Yelling and accusing was going on so long. When I glanced at Dad to see how he was dealing with this he was sitting in a summer chair and his body was trembling. He was so weak and also too afraid to interfere with this fighting.
I probably didn’t handle it the right way, but I told Al to go ahead and go back in the house where he would be safe. Al didn’t hesitate, he left right a way. I walked up between the sister and B. and stuck my hands out in between them. I probably looked like a traffic cop. I told them,” You are destroying Dad. Look at him trembling. You two should be ashamed of yourselves. If you want to argue and bitch, go somewhere else and do it in private. I want this shit stopped now. I will not sit here and watch you all destroy yourselves.”
Voices hushed and the air became quiet. B. was beginning to mumble under her breath and I gave her the look. She changed her train of thought and went to Dad and told him she couldn’t help herself. She just wanted to protect him. In my opinion she could just shove it and go to hell.
After the boxing ring became quiet, Dad went back to the issue of wanting to get on the tractor. My son and I tried and tried to hoist him up but to no avail. Finally I saw a five-gallon container. I went and grabbed it and placed it as a stepping stone for him.
He was able to get on and he sat there smiling. He tried to start the tractor but his legs were too weak to clamp down on any pedals. Getting him off was even harder. My son and I balanced him and sort of pulled him off.
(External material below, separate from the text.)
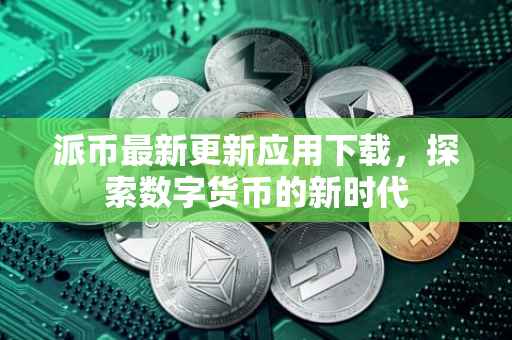 派币最新更新应用下载，探索数字货币的新时代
There was no more arguing that day. B. had said what she wanted. Our half-sister was done defending herself and inside Grandma’s house. My son left, so all that was left outside was B., me and Dad.
I grabbed Dad’s mail and we all went back to the girlfriend’s home where I helped Dad inside. The day before when I had visited Dad I had brought over a toilet commode. He could barely get down on the seat to sit or stand to be wiped.
I had the leverage to grab him this and a walker. When we got inside her house and I had Dad seated and comfortable in his recliner, she called me into her kitchen. When I went to see what she wanted she had the commode in her hands. She made me watch as she tossed it out the back door. She commented or hissed, “No one is going to pretend they are sick in my house. There will be nothing here that represents sick.”
I watched her with intent as she tossed that and the walker outside. I went outdoors and grabbed the walker and brought it back inside. With Dad within hearing distance I played out a short clip of a silent movie.
I raised the walker and pretended I was going to slam her with it. She covered her head with her hands and inside I was having the time of my life. On the outside I was firm-faced and I mouthed to her, “He needs this, dammit, now get your shit together.”
She left the walker alone but put it on the back porch. I had to look at B. for the first time with sadness. Although I never met her husband who had passed I could imagine the memories of having another man you cared about dying in your home once again. That feeling of sadness didn’t really stay that long, as I knew that someone in her sixties should very well know better to take it out on another human being, no matter how bad it hurts emotionally.